The old woman nodded. "You should be proud. It contained enough power to kill a dozen humans, and you recovered in less than an hour."
"Dad, how can you do this to your own daughter?" I pleaded.
"You're not my daughter. I'm not your father. But your bloodline was identified at an early age and steps were taken so you would grow up under my watchful eye. Our goal with you has always been twofold. First, we hoped you would retrieve the Carpet of Ka. Life after life it's been attracted to you, and to your bloodline. Second, we hoped to make you a thrall. That is why we're willing to help this djinn enslave you, if she should need our help."
I could not keep up. "Are you all djinn?"
"No. The djinn are actually our enemies. But you may have heard the old saying: 'The enemy of my enemy is my friend.' That is true for now, in this situation. The best way to neutralize your powers as a potential Kala is to make you a thrall."
I spoke sarcastically. "That works better than killing me?"
"Yes," my father said. It was impossible not to think of him as my father.
"What do you mean, the carpet has been attracted to my bloodline?"

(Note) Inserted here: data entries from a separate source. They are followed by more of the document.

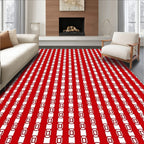 Classic Red White Striped Geometric Design Rug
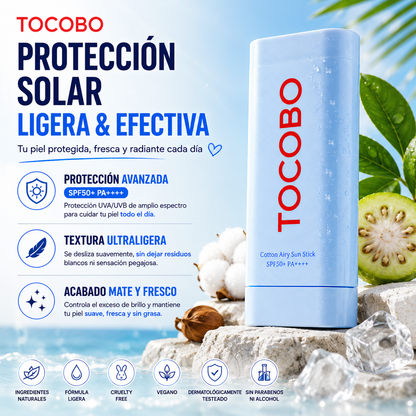 TOCOBO Pack 2 Cotton Airy Sun Stick SPF5 19g – Protección solar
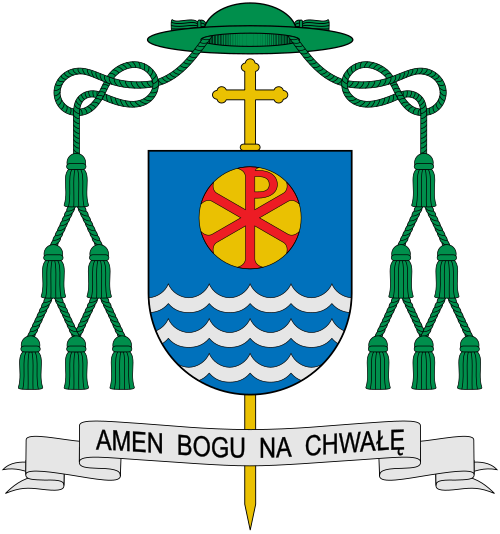 Coat of arms of the Bishop Krzysztof Zadarko, Auxiliary Bishop of Koszalin-Kołobrzeg. Reference: www.koszalin.opoka.org.pl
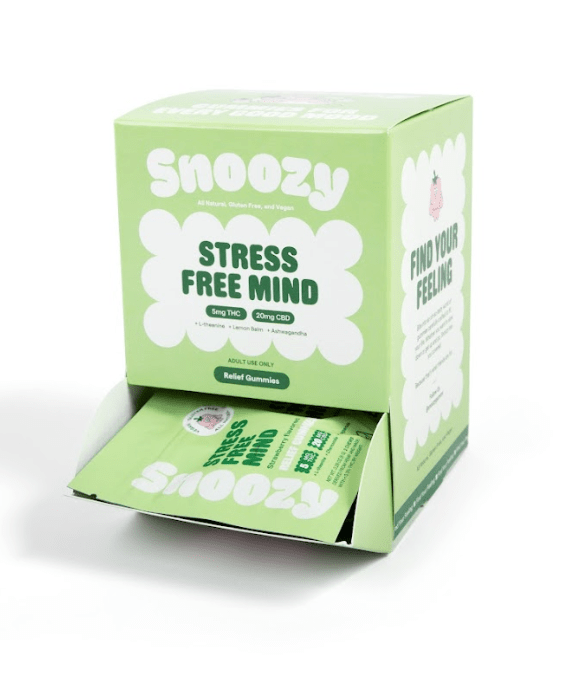 Snoozy Delta 9 THC Stress Relief Gummies (Stress Free Mind) - 20 Pack Display - Bandit Distribution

"It's served many of your ancestors. For that matter, it served your mother."
"Mom?" I said.
"Your real mother, the one you call Aunt Tracy."

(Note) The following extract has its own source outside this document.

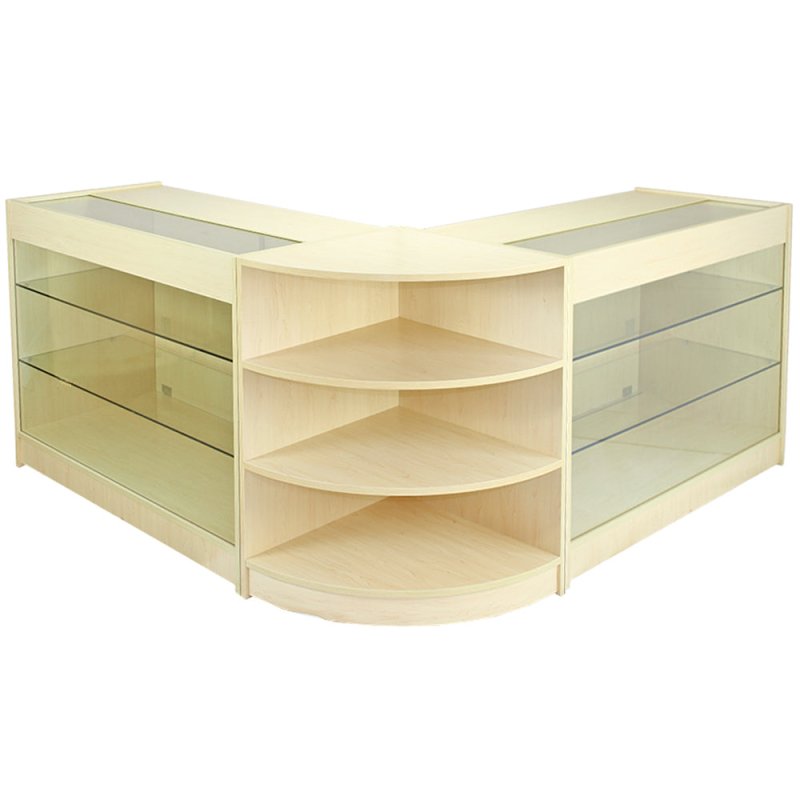 MonsterShop Pulsar Shop Counter Cabinets & Retail Display Glass Showcase Set, Maple, Melamine MDF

The revelations were coming too fast. I was going into sho
ck. Still, I recognized this particular truth almost before he spoke it. I had never felt close to my parents because they had not been my parents. Tracy was my mother. That meant...
"Was Harry my real father?" I asked.
"I suppose he still is. There's no reason to think he's dead."

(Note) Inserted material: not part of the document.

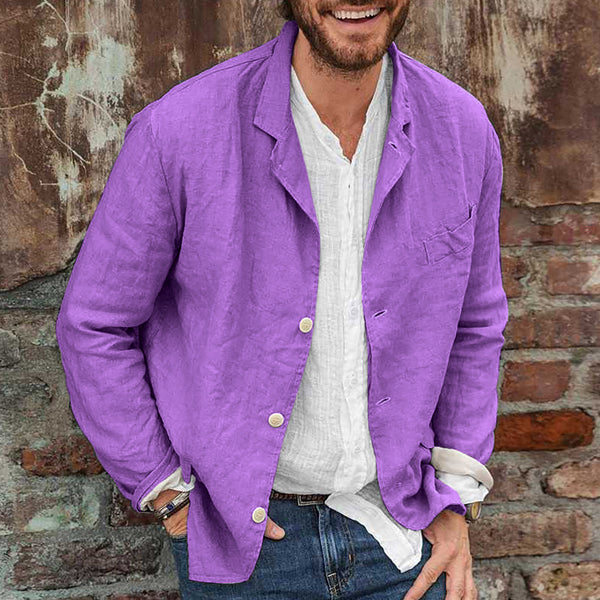 Leinenhemd - Sommer - Leichtgewicht - Leinenblazer - Herrenbekleidung-Lila-S-Chaps Herrenmode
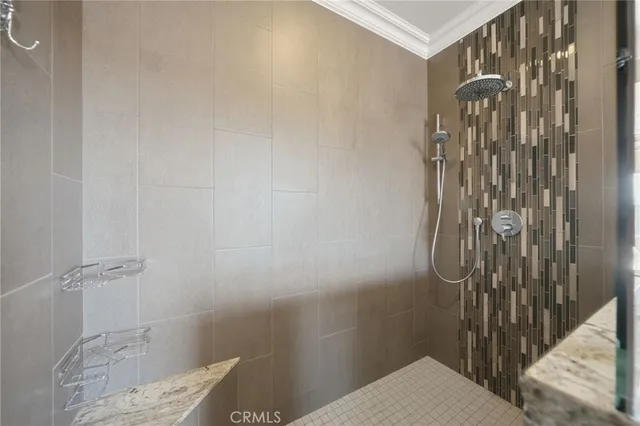 a bathroom with a shower and a toilet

"Who are you? What are you?" I asked.
"An Anulakai overshadowing a human mind and body."
"You mean, you're possessed by an Anulakai?"
He shook his head. "Possession implies lack of freedom. All we have become, we did so out of free choice. Years ago our research led us to the secrets of the Anulakai. Think of these secrets as a rare form of knowledge that taught us how to contact them and attune our minds to their minds. In return we were given power and insight, and freedom from emotions and other limiting human qualities."
"This process started when you discovered this temple?" I asked.
"No. It began years ago when we found a smaller site that belonged to the Anulakai. From it we gleaned enough information to find other sites. From all of these sites combined we were able to put together enough knowledge to contact our masters."
"So if they're the masters, you must be the slaves."
He shook his head. "It is an honor to serve them."
"What about this Shar Temple? It looks djinn to me."
"You are perceptive. This temple was built by the djinn before the Anulakai conquered this part of the world. We know it is connected to what you call the Island of the Djinn. That is why it became necessary to control it." He pointed to the structures along the side of the walls. For the first time I noticed they were giving off a faint humming sound. "These ancient devices keep the djinn away from here, and trapped where we want them to be."
"Where do the Anulakai live?" I asked.
"In darkness. Yet they crave light. For that reason, they come again and again to this world."
"From where? Another world?"
"You would not understand. Space is not a constant. When the time is right, they come out of the darkness and into the light." He added, "That time is now."
"Charles," Mrs. Steward interrupted. "Enough."
"Now we must get rid of all loose ends," Mr. Toval said.
My father nodded in their direction before turning back to me. "We harbor you no ill will. But you have the potential to be an extraordinary Kala, and we must destroy you before you awaken to your true powers. We tried to do likewise with Tracy, but she caused us tremendous damage before she could be stopped."